During that time, the group of nature-inclined youth led by Brewster met at the latter's home, and these meetings would eventually evolve into the Nuttall Ornithological Club (officially in 1873), of which Batchelder became a member in 1877.
He pursued a brief career in his original vocation upon his return in 1884, which only served to shake his frail health, a situation that was not helped by his subsequent travel to Europe, which lasted until 1887.
The family moved twice before settling at Peterborough, New Hampshire, on a farm with dilapidated lands that Batchelder used to make horticultural experiments, commenting: "there is no danger of my undertakings reaching such complete fruition that I shall be left with idle hands at the end."
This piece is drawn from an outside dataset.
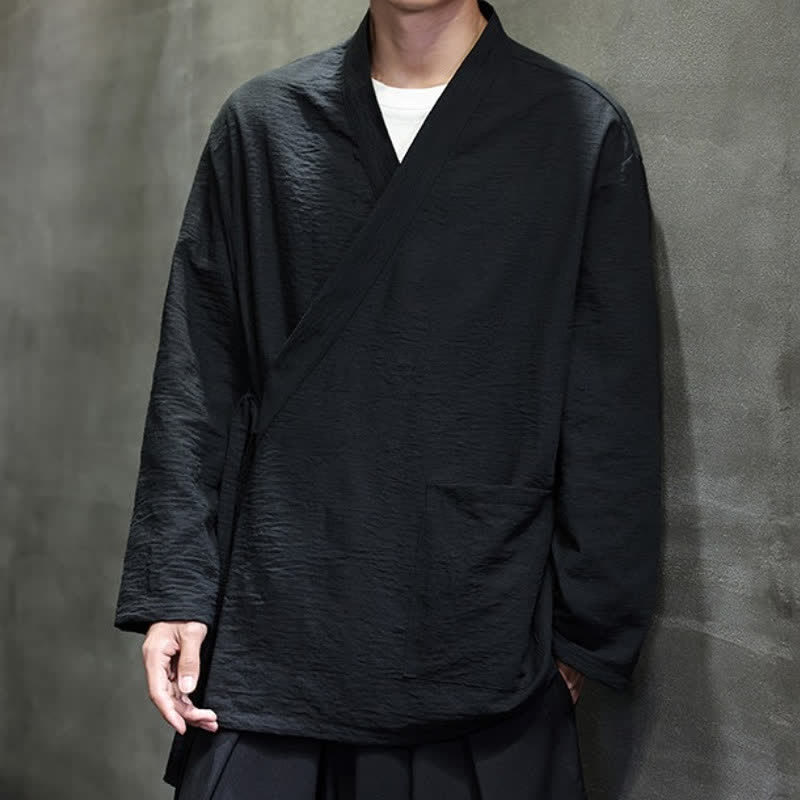 Buddha Stones Minimalistischer Kimono für Herren im Spring Tang Style mit Kordelzug und Tasche - image 19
In fact, the Nuttall members were not very happy with how the Club was "rather unwillingly compelled" to transfer control of its Bulletin, which was to become The Auk, to the AOU.
Although ornithology was his main interest, he also worked in botany and zoology, taking notes on, amongst other things, the activities of the hedgehogs living under his barn.
He was a founding member of the New England Zoological Club in 1899, of which he published the proceedings, which Thomas Barbour characterized as "a modest but enduring monument".
Wendell Taber concluded his obituary with an account of his last encounter with the man:[3] As I rose to leave one afternoon shortly before his death, his eyes grew suddenly large and clear with an undescribable [sic] mischievous sparkle.
In a strong, ringing voice, utterly unlike his conversational intonations of the previous half hour, he called, "Glad to have known you."